Begin and end by reviewing the videos. The videos show that, while Nicholas Sandmann was standing still, Phillips walked up to him, played his drum, and sang inches from Sandmann's face. The 16-year-old's only reaction to this unexpected approach by an adult whom he did not know was to smile. During the roughly six-minute encounter initiated by Phillips, a gap in the crowd developed through which Phillips could have walked past or away from Sandmann had he chosen to do so. Phillips did not do so; instead, he remained where he chose to confront the 16-year-old boy only inches from his face.

Next, consider what the statements are about: the physical positioning of Phillips and Sandmann. Then ask whether physical positioning is objectively verifiable. It certainly is. And here, the video evidence conclusively demonstrates that Phillips's narrative is indeed "blatantly and demonstrably false."

The majority opinion holds that the blocking, retreating, and sliding statements were likely Phillips's subjective impressions of Sandmann's intent. Such speculation is contrary to the text of the news stories, which do not state that they are reports of Phillips's perception of Sandmann's intent.

These are three statements that the majority holds are opinion:

  1. "I started going that way, and that guy in the hat [Sandmann] stood in my way and we were at an impasse …."
  2. "He [Sandmann] just blocked my way and wouldn't allow me to retreat."
  3. "I seen [sic] him start putting himself in front of me, so I slided [sic] to the right, and he slided [sic] to the right. I slided [sic] to the left and he slided [sic] to the left—so by the time I got up to him, we were right in front of him. He just positioned himself to make sure that he aligned himself with me, so that sort of stopped my exit."

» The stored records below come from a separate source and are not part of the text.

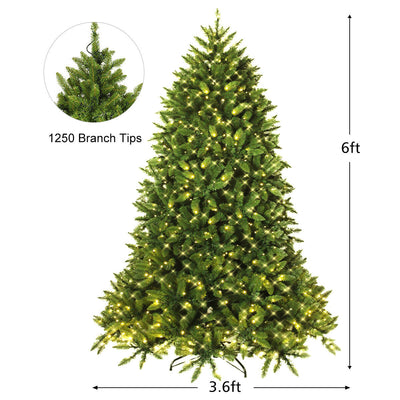 6 Ft Premium Hinged Artificial Fir Christmas Tree with LED Lights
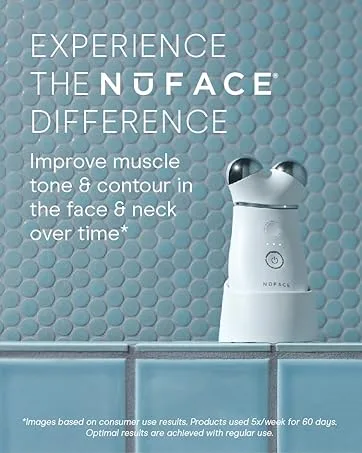 NuFACE Trinity FDA Cleared Microcurrent Facial Device & Wrinkle Reducer Attachment - Microcurrent Device with LED Red Light Attachment - Face Sculpting & Neck Tightening Device + Aqua Microcurrent Gel Trinity and Wrinkle Reducer Attachment - nuface device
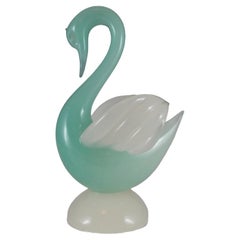Retro Archimede Seguso Murano Green Alabastro Glass Swan Sculpture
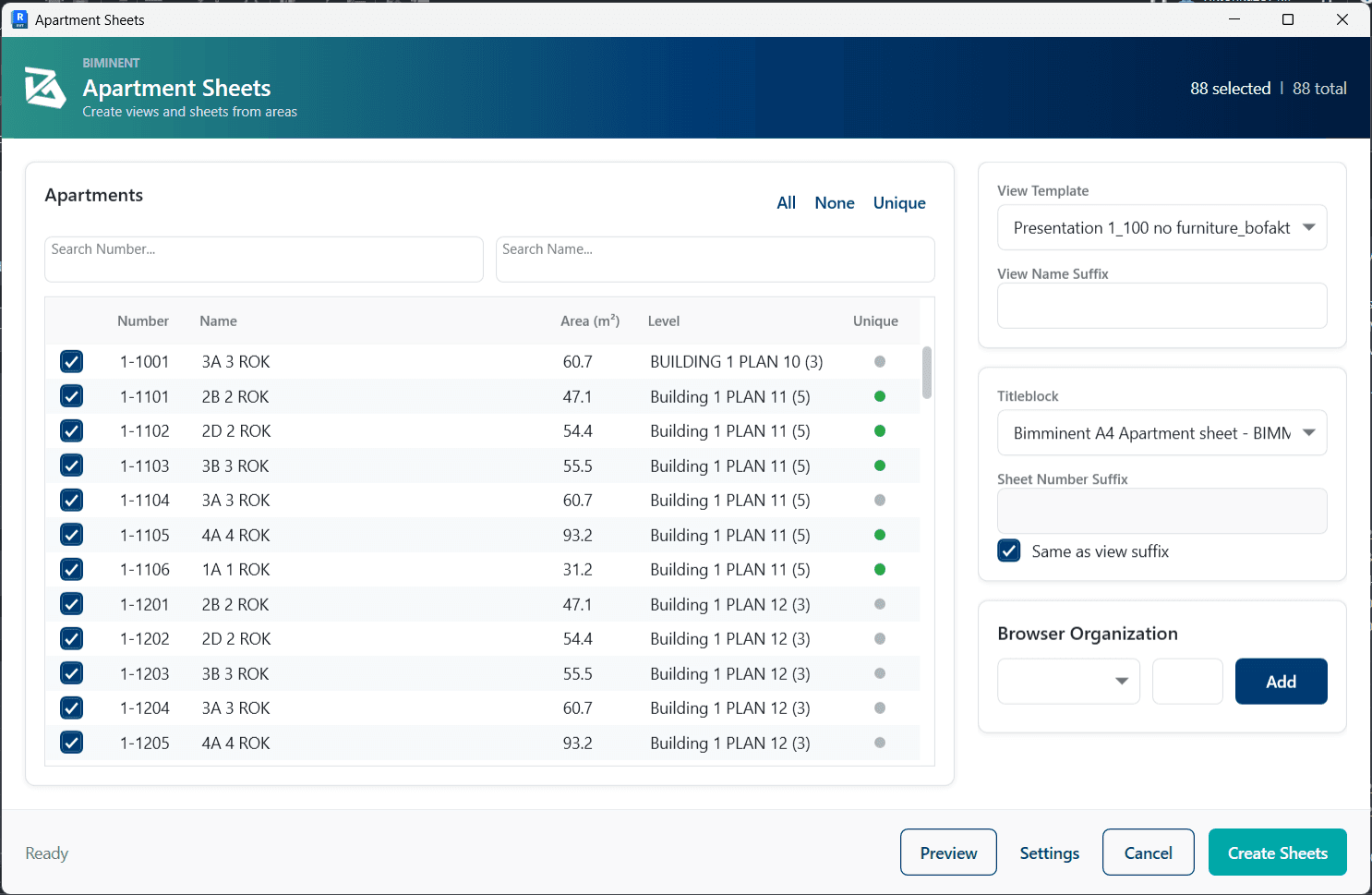 Figure 4. The Create Sheets window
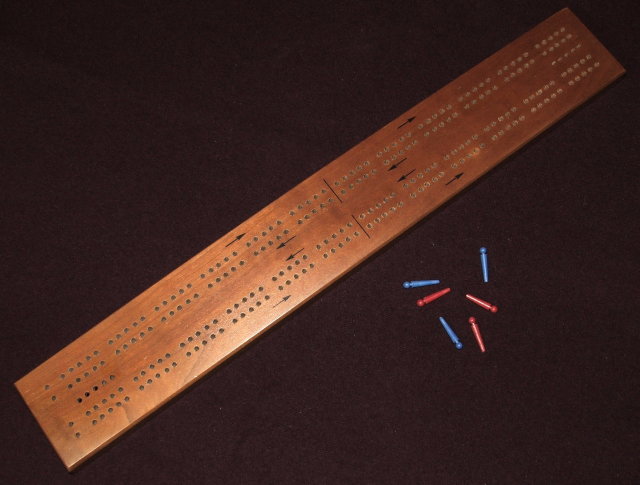 Vintage Drueke Long Tournament Cribbage Board No. 15-2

Rather than construing the text of these statements with their plain meaning, the majority rewrites these news articles as if defendants had reported that Phillips perceived that Sandmann intended to block his way, intended to prevent his retreat, and intended to slide to his left and right. The majority's creative journalism is apparently based on its inference that defendants meant to report that Phillips was recounting his perceptions of Sandmann's intentions.

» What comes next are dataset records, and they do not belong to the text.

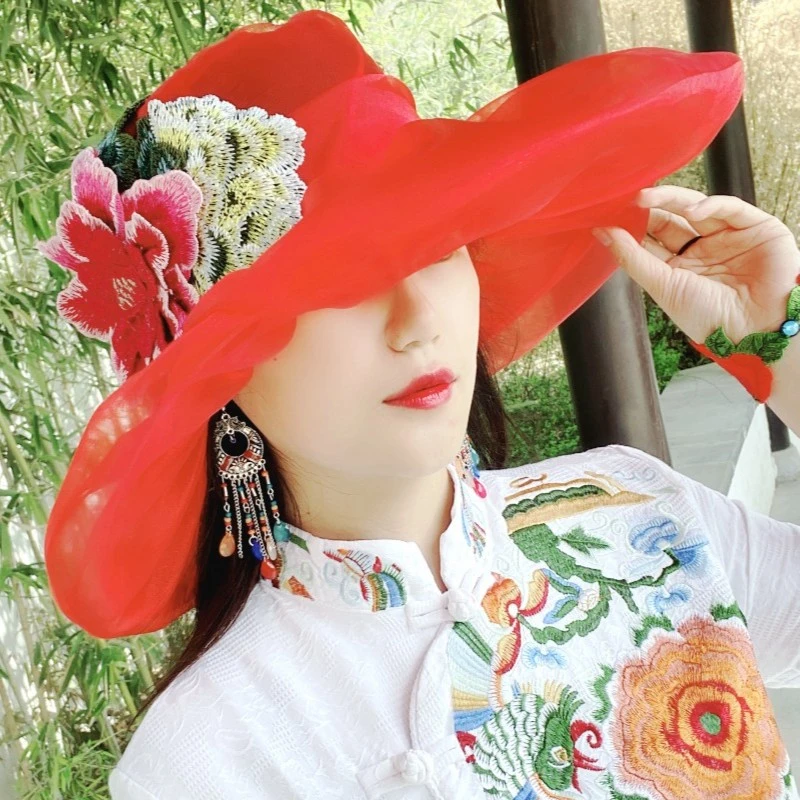 复古帽子百搭遮脸时尚夏季女春夏天优雅刺绣花朵帽防晒户外遮阳帽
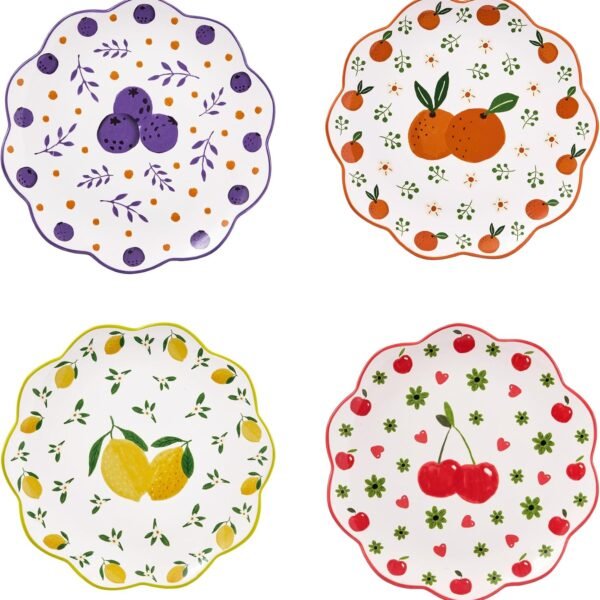 Scalloped Salad Plates Set of 4, 8.75 Inch Ceramic Dessert Plates for Salad, Appetizer, Side Dishes, Microwave and Dishwasher Safe, Gift for Housewarming and Thanksgiving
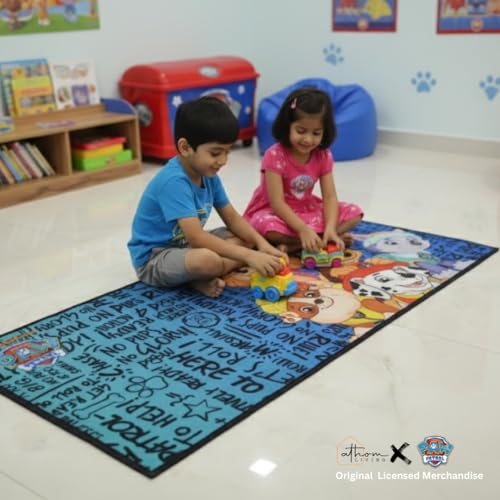 Image of Athom Living Paw Patrol (Blue) Runner Carpet 2x4.5 Ft, Soft Printed Mat with Anti-Skid Backing, Durable Washable Runner for Kids Bedroom, Play Area & Playroom Decor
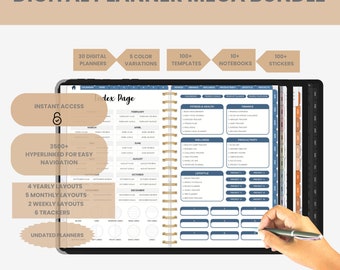 Digital Planner Mega Bundle- Hyperlinked Planner (Digital Planner, Goodnotes Planner, iPad Planner, Notability Planner)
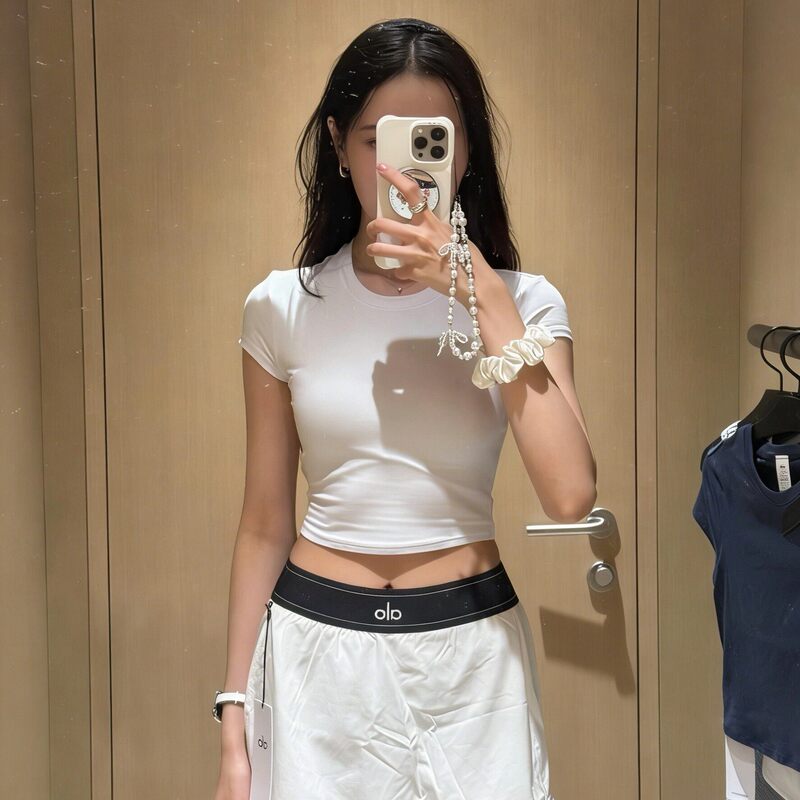 American Al0Ygg Suitable Short Original Round-Neck T-Shirt, Solid Color, Thin, Slim-Fit, Casual, Yoga, Fitness, Quick-Drying Short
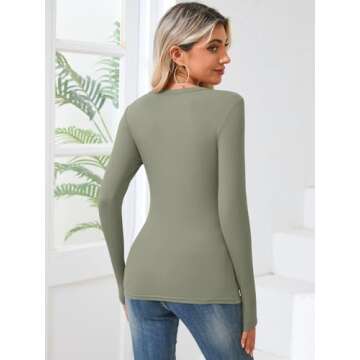 KLWCJFFF Women Long Sleeve Crewneck Rib Knit Slim Fit Shirts Basic Tee Tops 2024 Casual T-Shirt Going Out Workout Outfits Light Green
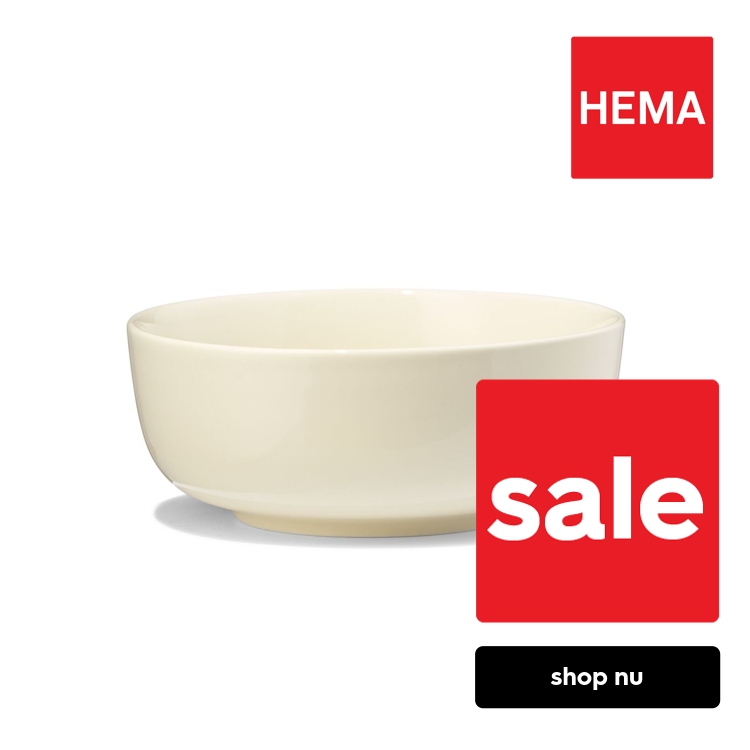HEMA Kom Ø15cm Knap new bone china geel (geel)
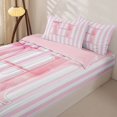 thumbnail image 3 of Manfei Pink Personalized Initial H Zipper Full Size Comforter Sets with Fitted Sheet and 2 Pillowcases,Abstract Geometric Stripes Zipper Bedding Set,Pink Reversible,4-Piece, 3 of 7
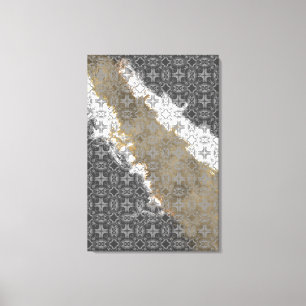 Impressão Em Tela Abstrato White, Cinza e Dourado Beige Vintage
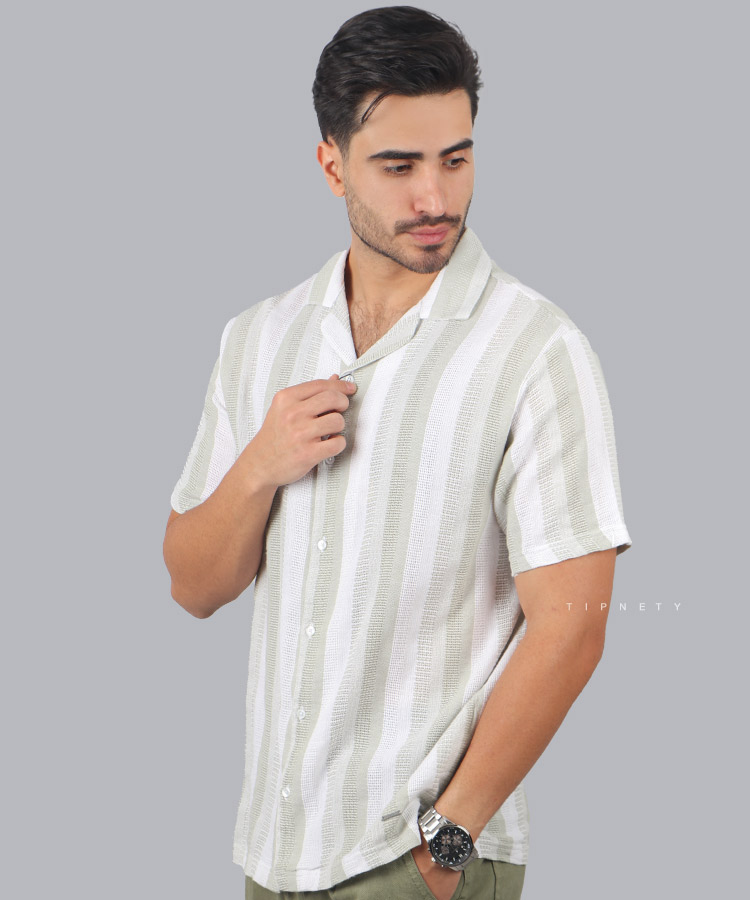 پیراهن یقه انگلیسی مردانه کنفی 1241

In the words of the majority opinion, "Phillips felt that he [Sandmann] was 'blocking' him and not 'allowing' his retreat. There is no way to determine what Sandmann's intent was from the videos of the encounter, which approximate the information available when Phillips made the blocking statements." However, contrary to the majority's rewrite, the articles do not report Phillips's feelings or perceptions. Rather, the articles report a factual encounter as recited by Phillips….

Nathan Siegel (Davis Wright Tremaine LLP) argued for the defendants.